Ada 2 film yang ditayangkan pada kegiatan tersebut, pertama yaitu,  A Laddy Caddy Who Never Saw A Hole In One dan kedua Ballad of Blood and Two White Buckets. Kedua film tersebut disutradarai oleh Yosep Anggi Noen. Saya diberi ruang untuk membuka diskusi pada film A Laddy Caddy Who Never Saw A Hole In One. Sebagai pemantik diskusi, saya tidak akan atau tidak bisa membahasnya dari sudut pandang sinematografis seperti angle pengambilan gambar, cahaya, ataupun warna yang digunakan pada film tersebut karena memang saya tidak mempunyai kapasitas pada bidang tersebut. Akan tetapi saya mencoba untuk membahas film tersebut dari isu-isu sosial yang coba disuarakannya.

Film yang bercerita tentang konflik alih fungsi lahan sawah menjadi lapangan golf di Desa Sariharjo, Jogjakarta, pada masa Orde Baru (1997) ini termasuk dalam film pendek karena hanya berdurasi 15 menit, akan tetapi mempunyai makna serta pesan yang kuat yang coba disampaikan pada penonton, Saya membuka diskusi dengan bertanya kepada semua yang hadir di sana “Siapa di antara kita semua di sini yang pernah bermain golf?” Semua orang menggeleng tidak pernah, termasuk saya sendiri, walaupun kompleks perumahan dimana saya tinggal, bersebelahan langsung dengan lapangan golf.
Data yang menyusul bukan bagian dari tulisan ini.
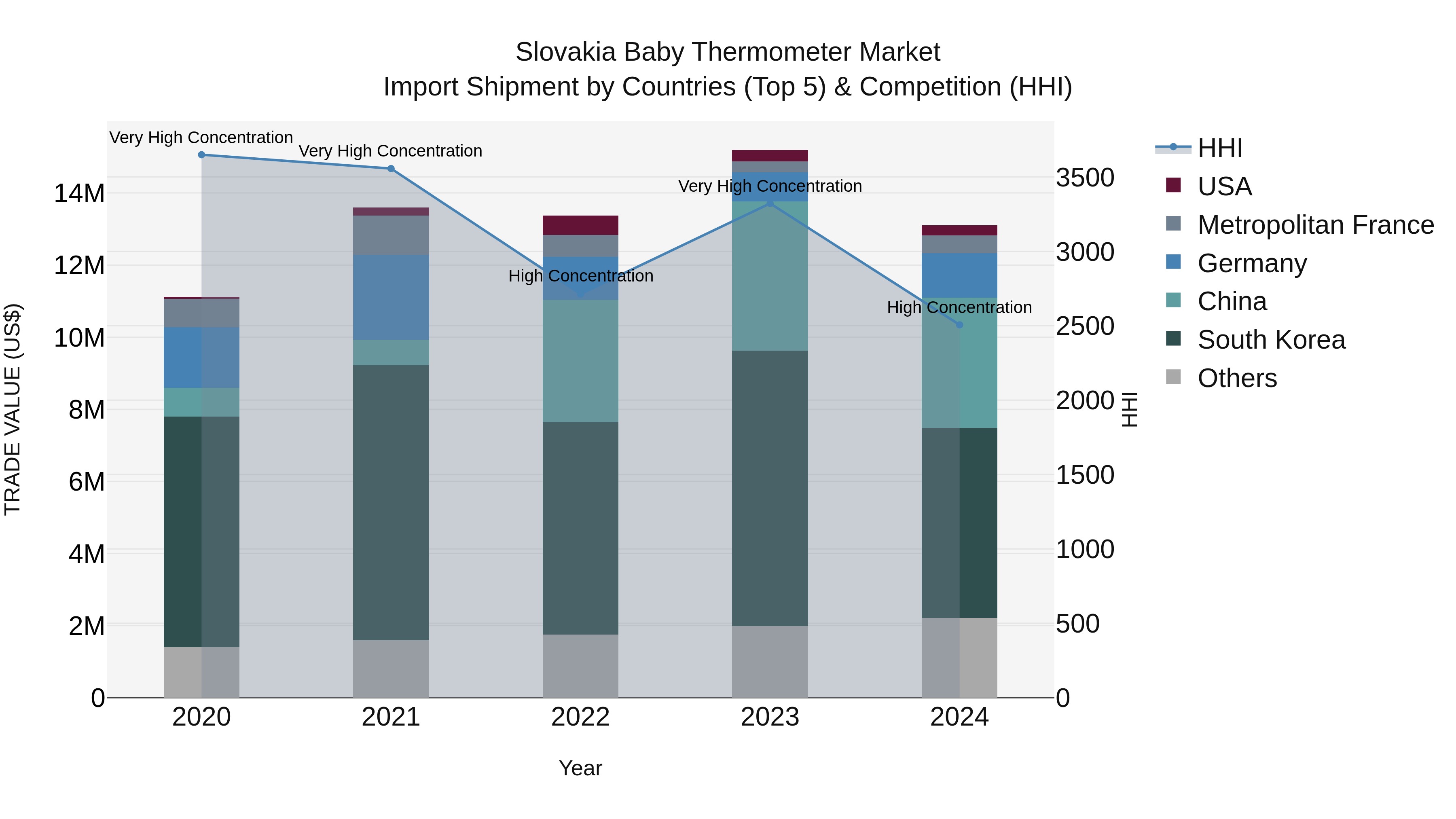 Slovakia Baby Thermometer Market Top 5 Importing Countries and Market Competition (HHI) Analysis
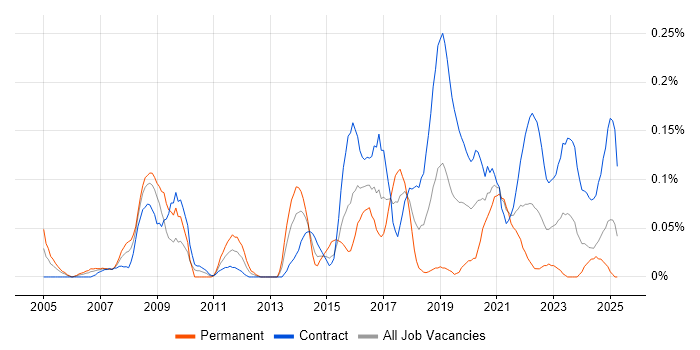 Job vacancy trend for Integration Architect in Scotland Job vacancy trend for Integration Architect in Scotland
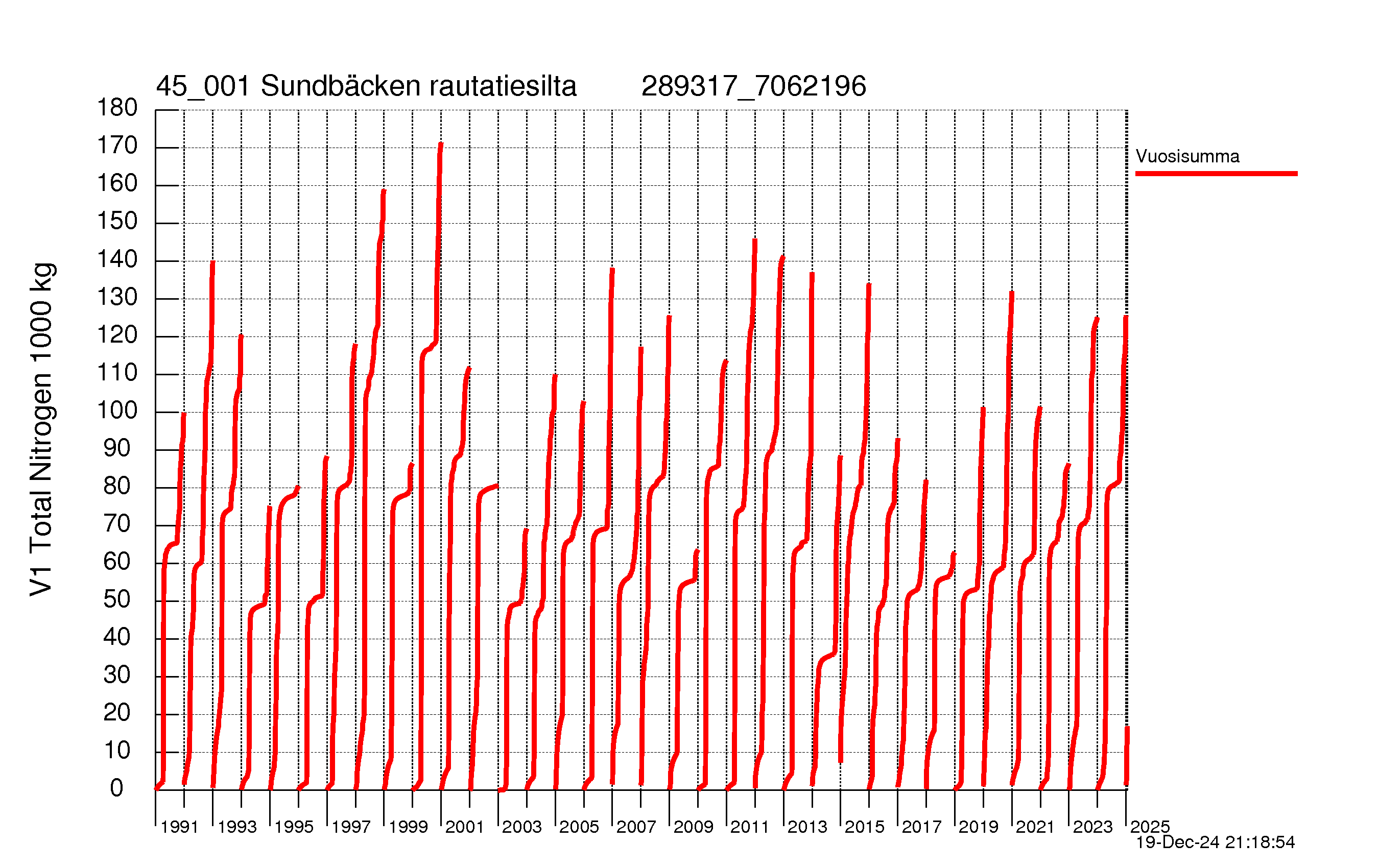 Nitrogen load - Sum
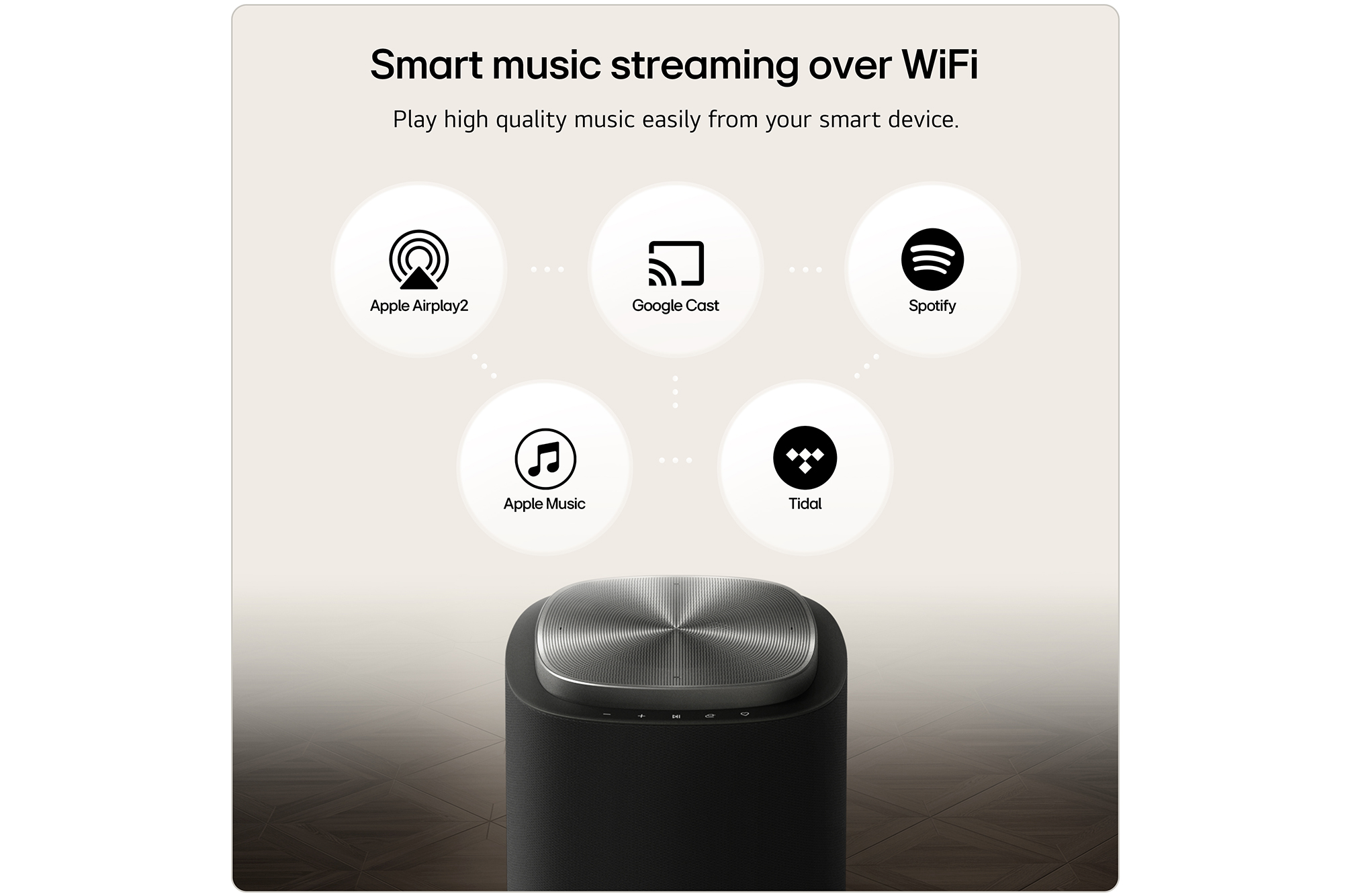 LG Sound Suite Stereo Suite 7 Pro (set) for real surround stereo sound (M7 2ea + W7), M7M7W7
Karena memang olahraga ini miliknya orang-orang borjuis, bukan kaum menengah kebawah seperti kami semua yang hadir pada waktu itu.

Alih fungsi lahan sawah atau pertanian menjadi lapangan golf seperti yang ditampilkan film tersebut, sebetulnya adalah isu minor di tengah isu-isu agraria yang banyak terjadi pada saat sekarang. Hal ini harusnya bisa jadi fenomena yang menarik untuk dibahas, yaitu, bagaimana tanah yang mulanya adalah lahan produktif yang bisa menghasilkan dan menyangga kehidupan petani, berubah menjadi sarana permainan yang diperuntukan bagi orang-orang kaya untuk sekedar menghabiskan waktu mereka. Film ini mencoba menyadarkan kita tentang fenomena tersebut. Menurut saya, film ini secara tidak langsung juga mengajak kita untuk memikirkan kembali kegunaan lapangan golf dan mempertimbangkan untuk  merubahnya menjadi lahan yang lebih produktif serta lebih maslahat bagi hidup masyarakat sekitar.

***

Saat ini, bagi saya, Layar Terkembang menjadi salah satu dari sedikit kegiatan menarik yang masih tersisa di kampus. Cukup beralasan, karena kita semua bisa merasakan, terkhusus bagi yang berkuliah di Universitas Andalas, bahwa kehidupan kampus akhir-akhir ini cenderung statis, monoton, dan biasa biasa saja. Tidak banyak hal yang bisa dilakukan di kampus pada saat sekarang selain dari sekedar kuliah ataupun bimbingan. Tidak ada gairah dan seperti ada yang hilang. Kehidupan kampus pada saat sekarang telah jauh dari kata ideal. Jarang sekali ditemukan ruang-ruang diskusi yang berisi mahasiswa dengan beragam pemikiran, latar keilmuan, dan ideologi.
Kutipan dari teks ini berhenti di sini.